** Opening Available data block **

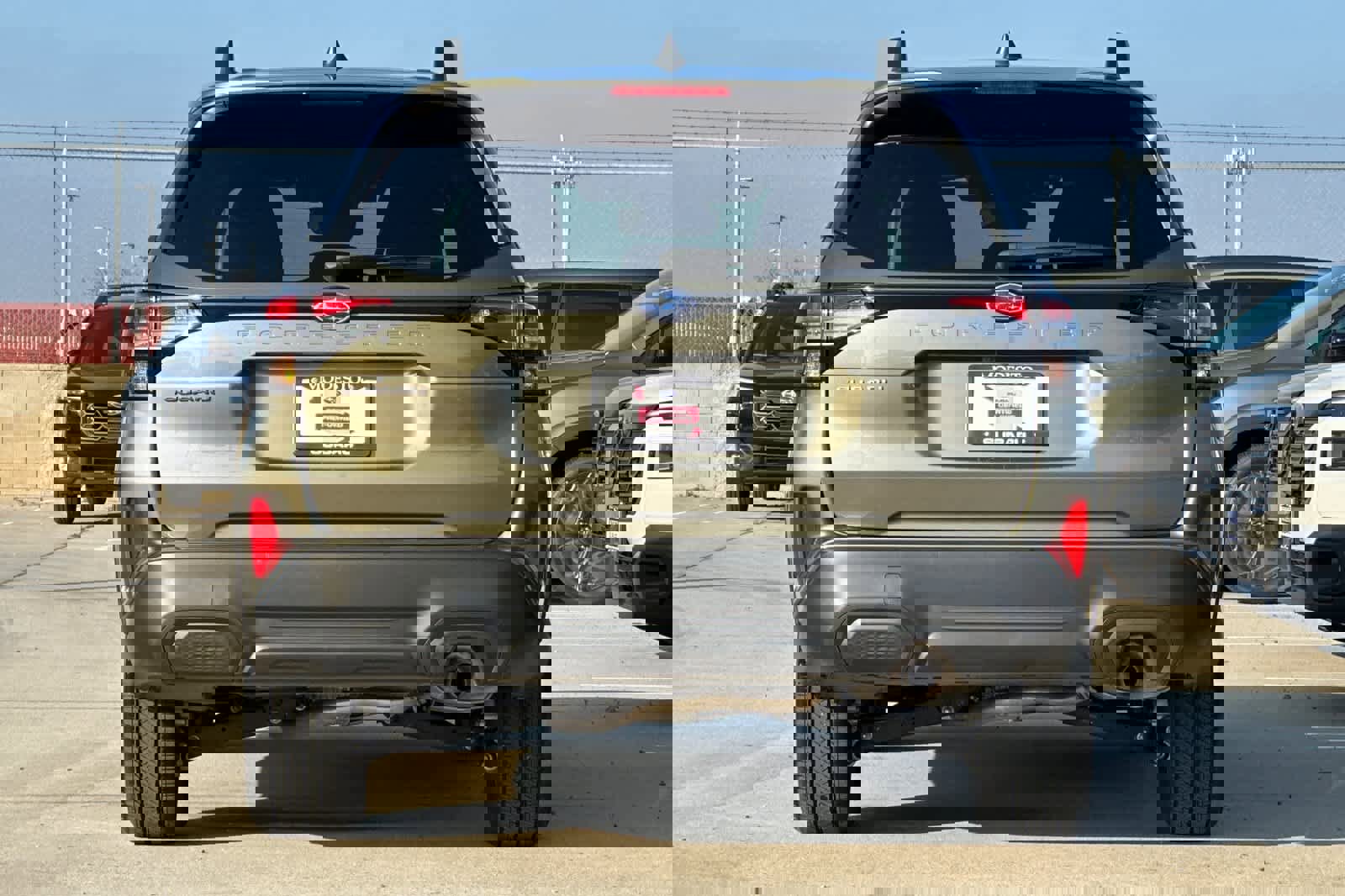 Used 2025 Subaru Forester Premium w/ Convenience Package #1 image 4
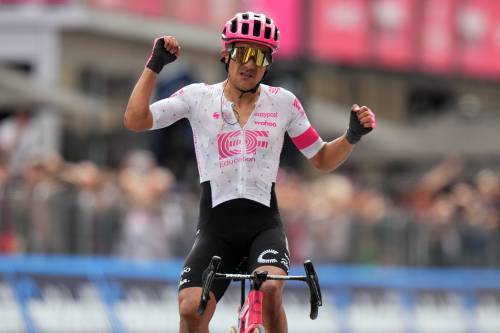 Giro d’Italia, Carapaz vince con un finale spettacolare. Del Toro meglio di Roglic e Ayuso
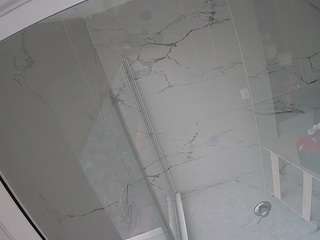 voyeurcam-casa-salsa-bathroom-10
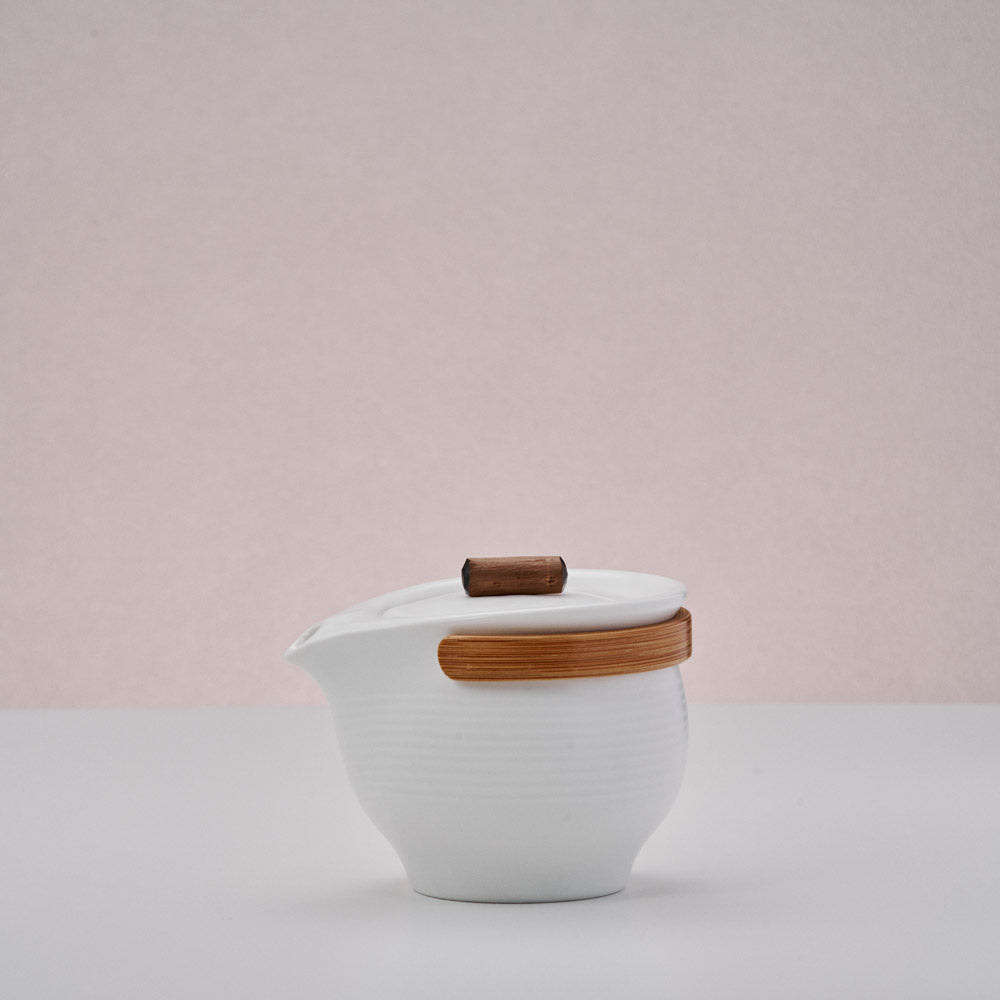 逸II │ Leisure II - 白瓷茶壺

** Closing Available data block **

■ What this task involves ■
Retype the lines above exactly, no pictures.

■ Solution to the exercise ■
 Used 2025 Subaru Forester Premium w/ Convenience Package #1 image 4
 Giro d’Italia, Carapaz vince con un finale spettacolare. Del Toro meglio di Roglic e Ayuso
 voyeurcam-casa-salsa-bathroom-10
 逸II │ Leisure II - 白瓷茶壺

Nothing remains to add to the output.